Well, I'm now one year past D Day plus one day. Glad that antiversary is behind me. I just wanted to stop and say thank you to everyone on this board. The people here have really helped me to straighten things out in my head and to get back on an even keel. When I first showed up here I was something of an emotional train wreck and with your help I am now much much better. From the people who have hit me with 2 X 4's to the people who offered words of encouragement or understanding - it all helped, every bit of it. I'm not sure I've ever encountered a group where so many people just genuinely want to help others - and all complete strangers at that!! Amazing!! 

My wife and I are working at what looks like will be a very successful reconciliation. She has been my rock through this. I find it amazing that despite the hurt I inflicted upon her she was still strong enough to be there for me as I came apart and put myself back together emotionally. Not that I didn't do the same for her, but I owed it to her. She did it for me out of nothing but love and for that I will be forever in her debt. We are today closer than we ever have been, communicating more, and really enjoying the new deeper connection between us. We still deal with it all and will for some time I'm sure - it is still a work in process. I actually think our marriage - any marriage - should always be a work in process. Kind of like gardening, if we don't tend it, show it love, and put effort into it will struggle and never be as productive as it could be and might even die. 

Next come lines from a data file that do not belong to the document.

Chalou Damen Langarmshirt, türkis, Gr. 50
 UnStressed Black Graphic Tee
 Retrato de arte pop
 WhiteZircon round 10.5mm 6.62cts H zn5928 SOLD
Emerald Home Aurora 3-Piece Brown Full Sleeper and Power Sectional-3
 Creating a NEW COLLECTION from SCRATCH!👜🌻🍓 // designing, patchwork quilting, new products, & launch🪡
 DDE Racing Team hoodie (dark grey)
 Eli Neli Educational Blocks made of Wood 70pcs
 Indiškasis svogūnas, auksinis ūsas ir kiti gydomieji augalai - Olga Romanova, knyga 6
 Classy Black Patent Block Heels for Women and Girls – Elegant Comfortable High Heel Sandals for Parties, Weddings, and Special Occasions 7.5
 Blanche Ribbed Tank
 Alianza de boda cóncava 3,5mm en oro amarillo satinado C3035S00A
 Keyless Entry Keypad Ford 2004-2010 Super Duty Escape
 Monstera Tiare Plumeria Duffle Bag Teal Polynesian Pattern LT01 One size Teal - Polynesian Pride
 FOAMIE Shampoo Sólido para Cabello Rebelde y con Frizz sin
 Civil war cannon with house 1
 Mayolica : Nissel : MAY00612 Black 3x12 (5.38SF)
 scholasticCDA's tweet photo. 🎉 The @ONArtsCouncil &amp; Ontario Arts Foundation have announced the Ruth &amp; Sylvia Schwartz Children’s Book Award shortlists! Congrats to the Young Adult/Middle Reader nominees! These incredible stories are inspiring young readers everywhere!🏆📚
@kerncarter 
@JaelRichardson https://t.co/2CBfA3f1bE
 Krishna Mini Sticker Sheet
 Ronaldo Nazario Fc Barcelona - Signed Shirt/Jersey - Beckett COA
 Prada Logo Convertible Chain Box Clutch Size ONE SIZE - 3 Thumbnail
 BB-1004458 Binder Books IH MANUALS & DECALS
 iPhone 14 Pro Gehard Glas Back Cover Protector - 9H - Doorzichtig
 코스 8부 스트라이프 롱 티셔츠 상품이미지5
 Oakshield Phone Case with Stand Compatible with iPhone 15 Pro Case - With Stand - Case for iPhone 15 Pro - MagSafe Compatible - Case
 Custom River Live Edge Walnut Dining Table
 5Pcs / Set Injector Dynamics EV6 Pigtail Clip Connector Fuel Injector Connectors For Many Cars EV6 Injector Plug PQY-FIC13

Thank you again to people who make this board possible, the moderators, and the members here. This is a tremendous resource and an awesome group of people!!!:yay:


----------



## Hoosier (May 17, 2011)

congrats Sig! looking forward to the day I can say I am back on an even keel! By posting this message you give others something to hang on to...to know that we will heal eventually. Keep working on your marriage, god bless you.


----------



## Amplexor (Feb 13, 2008)

Great to hear Sig, keep moving forward. We all love hearing the success stories. I'm 4+ years post D-day. This year I had actually forgotten the date until Outlook sent me a reminder.


----------



## Jellybeans (Mar 8, 2011)

I am glad to hear you guys are working at restoring your relationship. It's nice to hear a good story here


----------



## LovesHerMan (Jul 28, 2011)

Congratulations! It is good to hear a success story of recovery and hope. There is nothing like coming out on the other side to make you feel grateful and at peace.


----------



## it-guy (Jan 6, 2011)

Congrats!!! So good to hear!


----------



## seductive (Aug 12, 2011)

Congratulations..:smthumbup:
And I also agree with you...I would not beleive it if I do not get this kind of honest advices here...


----------